F5: What Tools Yuwen Peng Uses for a Work/Life Balance + More
Yuwen Peng’s 25 years of architectural experience in hospitality, restaurant, retail, and entertainment design have contributed to the development of projects around the globe. Working out of CallisonRTKL’s Los Angeles office, her human-centric approach to a vast array of social spaces has resulted in several cross-sector innovations and a long list of noteable clients – Wolfgang Puck Restaurants, W Hotels, Lucky Strike Lanes, 7-Eleven Lab, McDonald’s, and Starbuck’s Prototypes to name a few. Passionate about the food and beverage industry, Yuwen works towards finding solutions that keep restaurants profitable, blur the lines between restaurants and retail, and create spaces where people feel like they belong. In the built environment, she’s involved in sustainable and community-building approaches to design. According to Yuwen, the more we cross boundaries to ask questions and learn from each other, the more innovation happens.
Today, Yuwen Peng is joining us for Friday Five!
Making art is about switching to play mode and not being afraid of making mistakes; I love drawing outside the lines and creating messy textures. It is freeing and liberating. Looking at art always reminds me not to take life so seriously, and that it’s okay to make mistakes. Pictured is my own collage made with scrap magazine pages and crayons over pizza box cardboard. Without anything specific in mind, simply having fun and using what’s around me to explore space, form, texture, and draw outside of the lines. The process is freeing, allowing me to follow my mind at the moment and the primal satisfaction of connecting my mind to hands.

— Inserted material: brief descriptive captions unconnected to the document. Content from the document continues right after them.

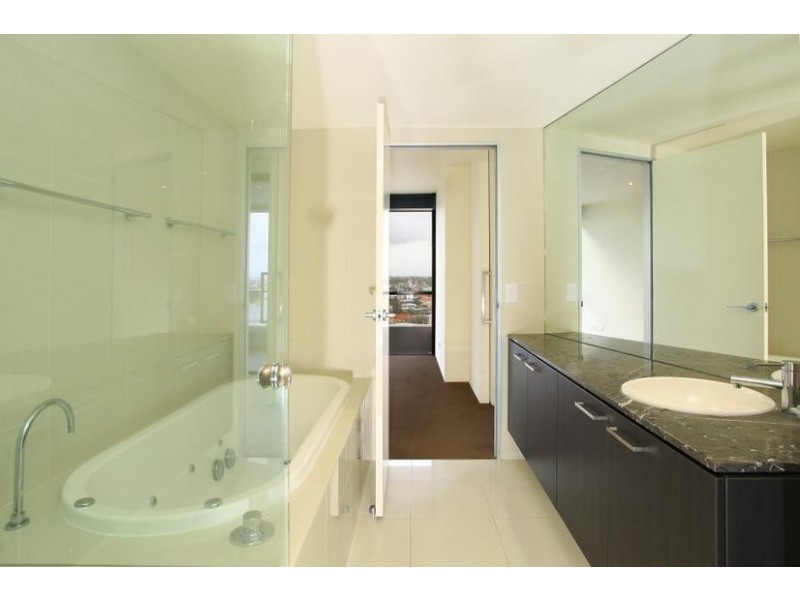 4 Wahroonga Place (Avalon Apartments), Surfers Paradise QLD 4217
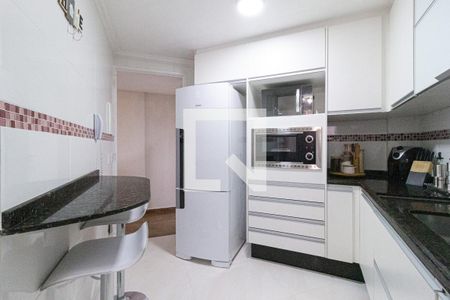 Apartamento à venda com 56m², 2 quartos e 1 vagaCozinha e área de serviço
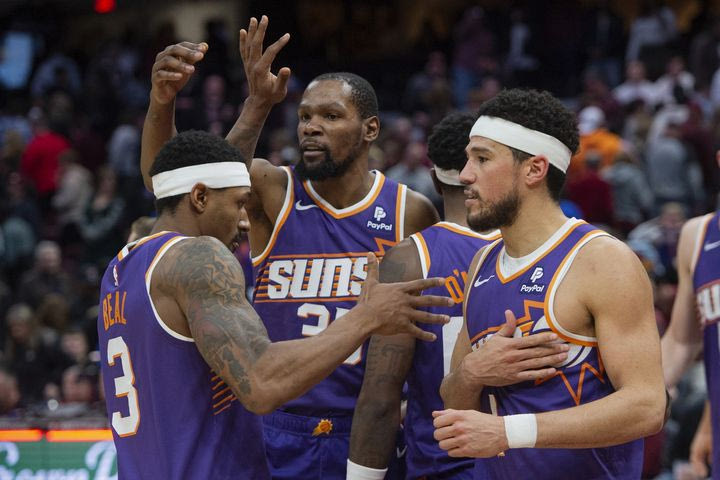 NBA: Μπιλ και Ντουράντ καθάρισαν τους λειψούς Σίξερς, νίκη με 109-99 των Σανς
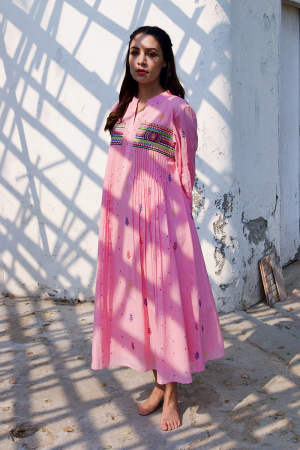 Pink embroidery pleats dress 
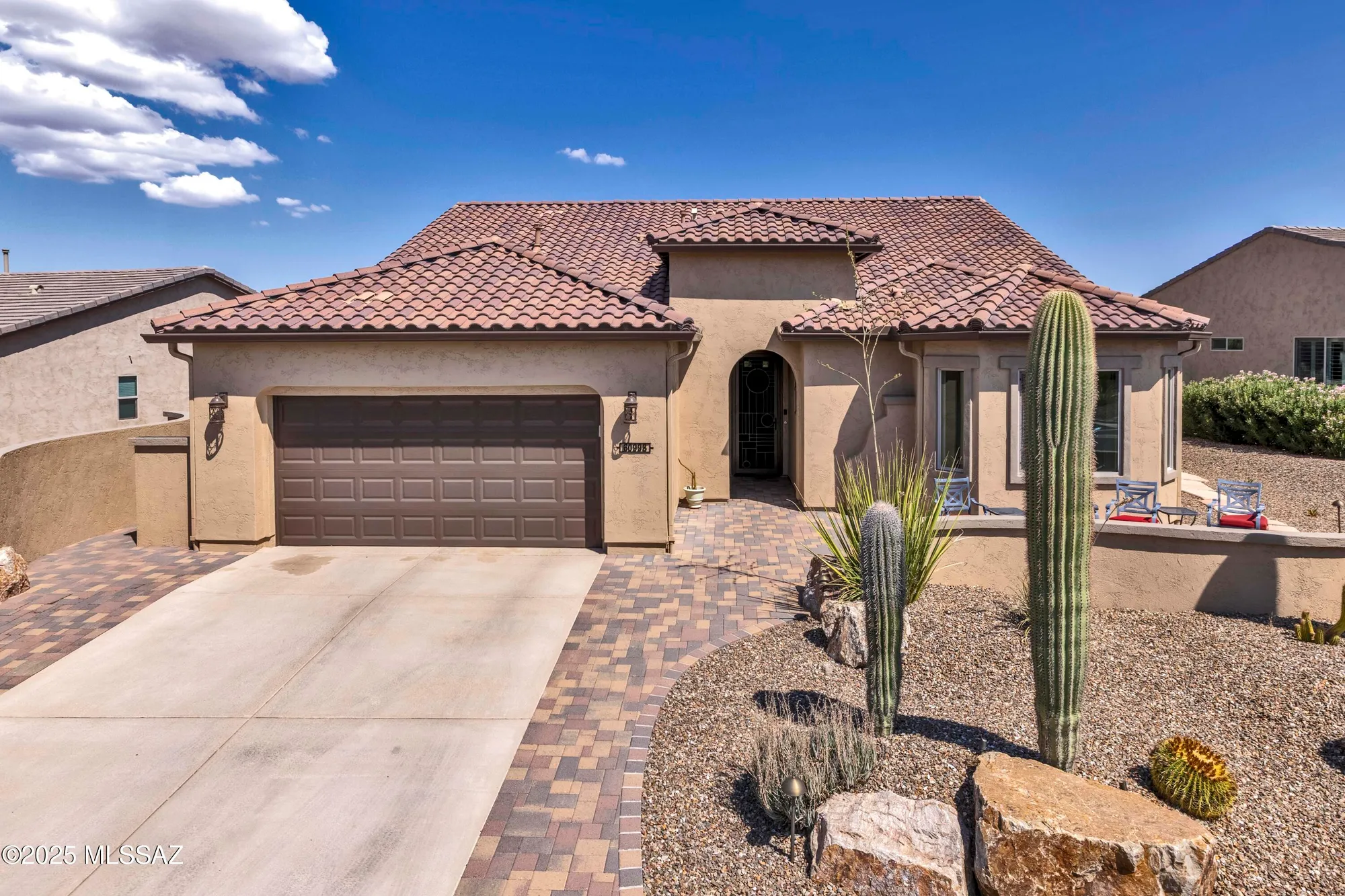Property Slideshow image 1 of 50 | 60998 e angora pl, Oracle, AZ, 85623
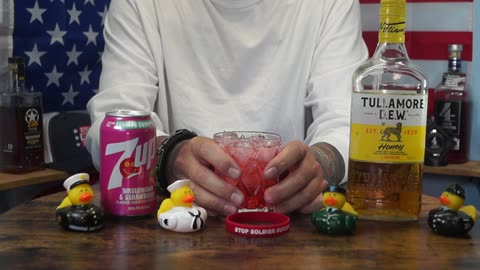 Edward Behling - Tullamore DEW Honey Liqueur & 7-Up Endless Summer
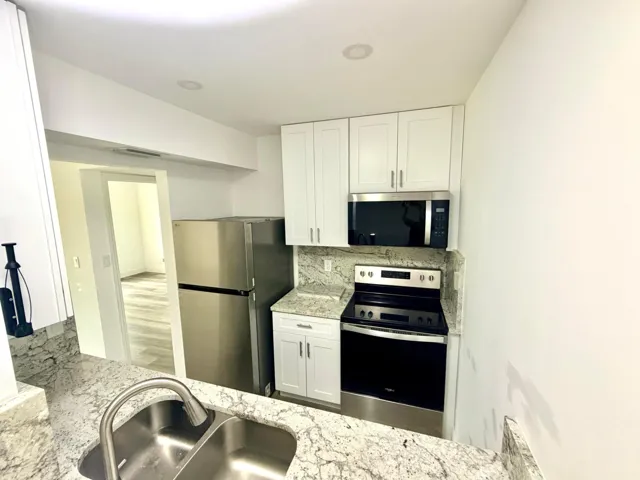 ___F105 kitchen 1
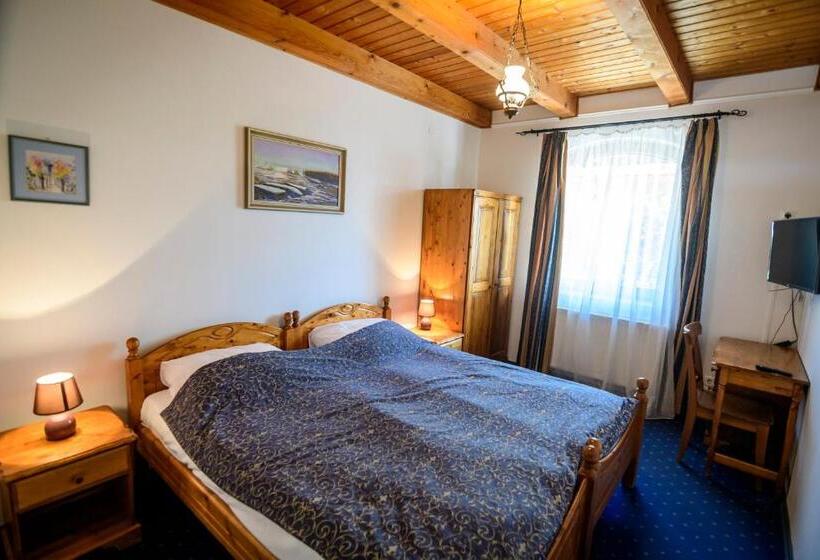 Tekergő Motel és étterem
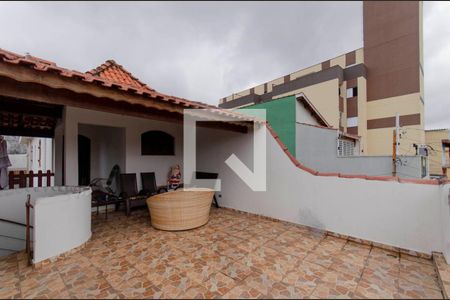 Casa à venda com 157m², 4 quartos e 2 vagas Casa à venda com 157m², 4 quartos e 2 vagasVaranda Suíte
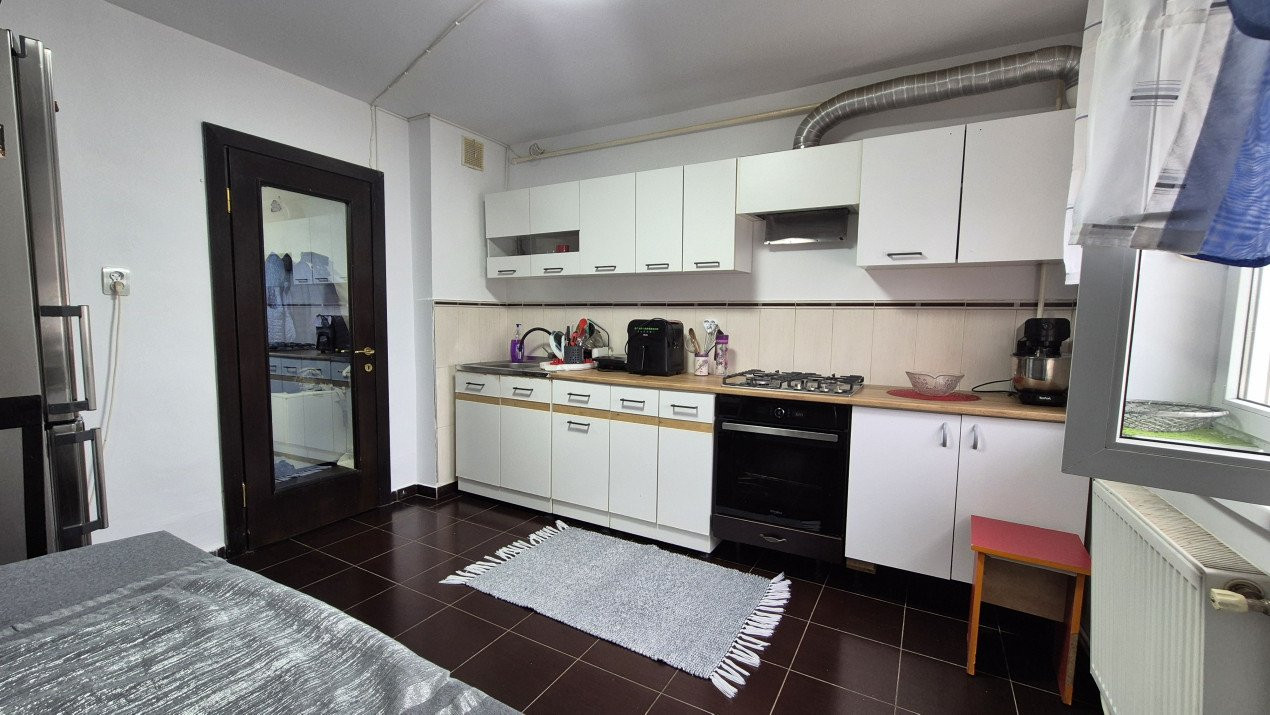 Vânzare apartament 3 camere - decomandat - 78 mp - cartier Traian - boxă inclusă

The faster my life, the harder I try to slow down and get back to a place of calm and peace. To combat the hectic days, about five years ago, I started practicing meditation. I love playing the Tibetan singing bowl (pictured) during meditation. It is like a mental detox to give my mind a mini vacation. Once I ring the gong, it transforms my mind from reactive self to a pause capsule. Every now and then I will reach the bliss of my inner strength. And the outcome is always a more clear new solution or untapped perspective.
I love the feeling of bowing down to the earth and the state of flow. Nothing is better than a good sweat to help me sleep, think, move, and reset. As a child, my mom took me to yoga with her, but I lost the practice growing up. I got back to it after graduating college; it’s been a rewarding 20+ years. Yoga has given me a reason for a better work/life balance. It requires me to be more efficient at work and finish on time to get to a class, and it will often lead to family dinner time. There are so many fringe benefits of yoga beyond a good exercise, like spiritual connection, deeper understanding of my own body, and a good night’s sleep! I try to practice 2-3 times a week.
4. Off-Road Desert
There is a saying in the outdoors community, “bad roads lead to good tourists, and good roads lead to bad tourists.” When I venture out off the beaten path, I can see how the vastness of the desert contrasts so much with our smallness as human beings. It creates a pure connection between humans versus nature. The bond is very powerful, tender, and calm. Pictured is a trip on the Joshua Tree Geology OHV Tour Road where we were forced to go into the wild with no reception. There is an immediate escape from everyday to a new reality. There is only the sound of nature and the rhythm of life. When you can drive and feel every bump of the road gently, you feel like you’re part of earth. It’s the greatest reset for me.
Growing up in my family’s department store in Taiwan, I was raised by a village of friends and neighbors. There was a sense that everyone had each other’s back, regardless of who we were. I learned a lot about respecting different points of view and running a family-owned business. Since I moved to the U.S., I have continued the community mindset by hosting regular dinner parties at my house, where my family, friends, and neighbors prepare meals together from scratch. The process of slow cooking, appreciation of good food, and great companionship is my definition of a good life. A few of our closest friends are from different countries and we travel to different places. We often cook a cuisine to celebrate the places we’ve recently visited. Pictured is a meal from a Mexican friend who grew up in Texas. She played the role of her grandma, directing us as a family assembly line of salsa-making, meat-grilling, tortilla-heating to make TexMex chicken and bean soup.